O conceito de tecnologia “wearable” (vestível) revolucionou a forma como monitoramos nossa saúde e interagimos com o mundo. No campo da protética, essa revolução está em pleno curso, onde as Tecnologias Wearables e Integradas à Prótese transformam os dispositivos de reabilitação em verdadeiros equipamentos inteligentes, capazes de coletar dados, se adaptar e fornecer feedback em tempo real.
A Integração Wearable: Sensores, Apps e Feedback
A nova geração de próteses vai além da biomecânica, incorporando elementos de conectividade e monitoramento que eram exclusivos de smartwatches ou fitness trackers.
1. Sensores de Pressão e Postura
Sensores embutidos no encaixe (socket) e nos pés protéticos são o coração dessa integração, capturando dados sobre a interação do usuário com a prótese e o ambiente:
• Distribuição de Pressão: Sensores de pressão que detectam como o peso do corpo está sendo distribuído no coto e no pé protético, garantindo estabilidade e prevenindo pontos de pressão que podem levar a lesões na pele.
• Monitoramento da Postura e Marcha: Acelerômetros e giroscópios monitoram a inclinação, o equilíbrio e o padrão de marcha. Esses dados são usados para ajustar automaticamente a prótese (em modelos microprocessados) e para fornecer informações valiosas para a equipe de reabilitação.
2. Apps e Dispositivos de Monitoramento
A conectividade Bluetooth permite que a prótese se comunique com aplicativos em smartphones ou tablets, colocando o controle e o monitoramento na palma da mão do usuário
• Ajustes Personalizados: Alguns aplicativos permitem que o usuário selecione modos de atividade pré-definidos (como caminhar, correr ou dirigir) ou faça ajustes finos em sua prótese, otimizando o desempenho para diferentes situações.
• Acompanhamento da Reabilitação: Os apps registram o número de passos, a distância percorrida e a eficiência da marcha, auxiliando o fisioterapeuta a personalizar o plano de reabilitação e a identificar padrões de movimento incorretos.
3. Feedback por Vibração e Retroalimentação Sensorial
Um dos avanços mais promissores é o feedback sensorial. Próteses com feedback por vibração utilizam pequenos motores táteis para transmitir informações ao usuário.
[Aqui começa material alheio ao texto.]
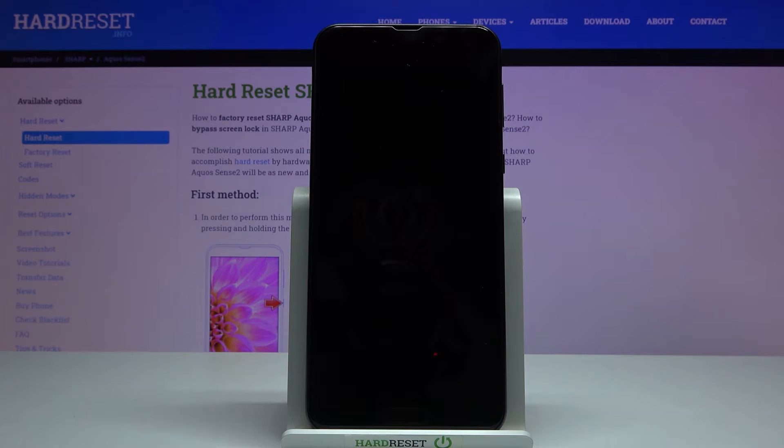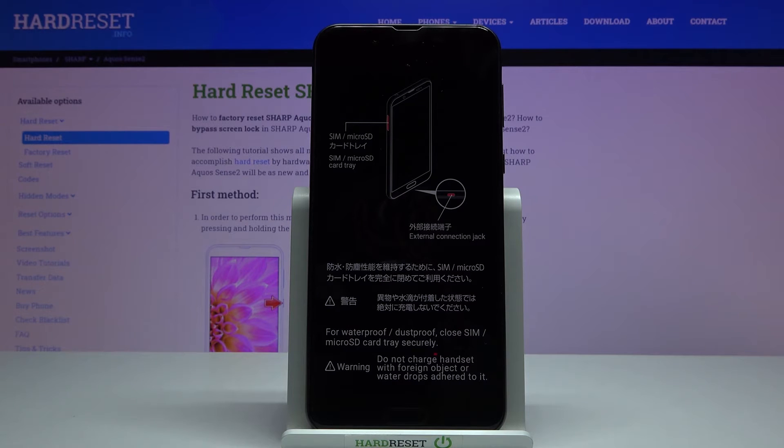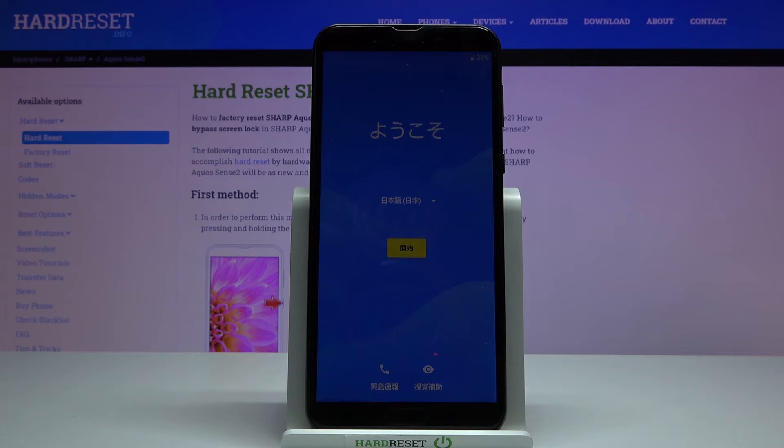And now we need to wait. At this point the hard reset is complete.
Sensores na ponta dos dedos ou na sola do pé protético podem enviar sinais vibratórios para a pele do coto, informando o usuário sobre a textura da superfície, a pressão exercida ou a posição da prótese.
Disponibilidade no Mercado Brasileiro
O Brasil tem acompanhado a frente tecnológica e diversas próteses com funcionalidades wearables já estão disponíveis:
• Próteses Microprocessadas: Modelos de joelhos e pés microprocessados de fabricantes globais, com sensores e algoritmos de IA, são amplamente utilizados.
• Sistemas de Encaixe Inteligente: Encaixes com sensores de pressão integrados que monitoram o volume do coto e a distribuição de carga, enviando alertas ao usuário ou ao protesista em caso de desalinhamento.
As Tecnologias Wearables e Integradas à Prótese representam o futuro da reabilitação, transformando a prótese em um aliado inteligente e conectado.
Ao oferecer dados objetivos e feedback em tempo real, essas inovações garantem maior segurança, conforto e, acima de tudo, uma autonomia sem precedentes.
FAQ: Perguntas Frequentes sobre Wearables e Próteses
1. Próteses com tecnologia wearable são mais frágeis?
Não. A tecnologia wearable é integrada à estrutura da prótese, que é construída com materiais resistentes como fibra de carbono e titânio. Os componentes eletrônicos são projetados para resistir ao uso diário e a condições ambientais normais.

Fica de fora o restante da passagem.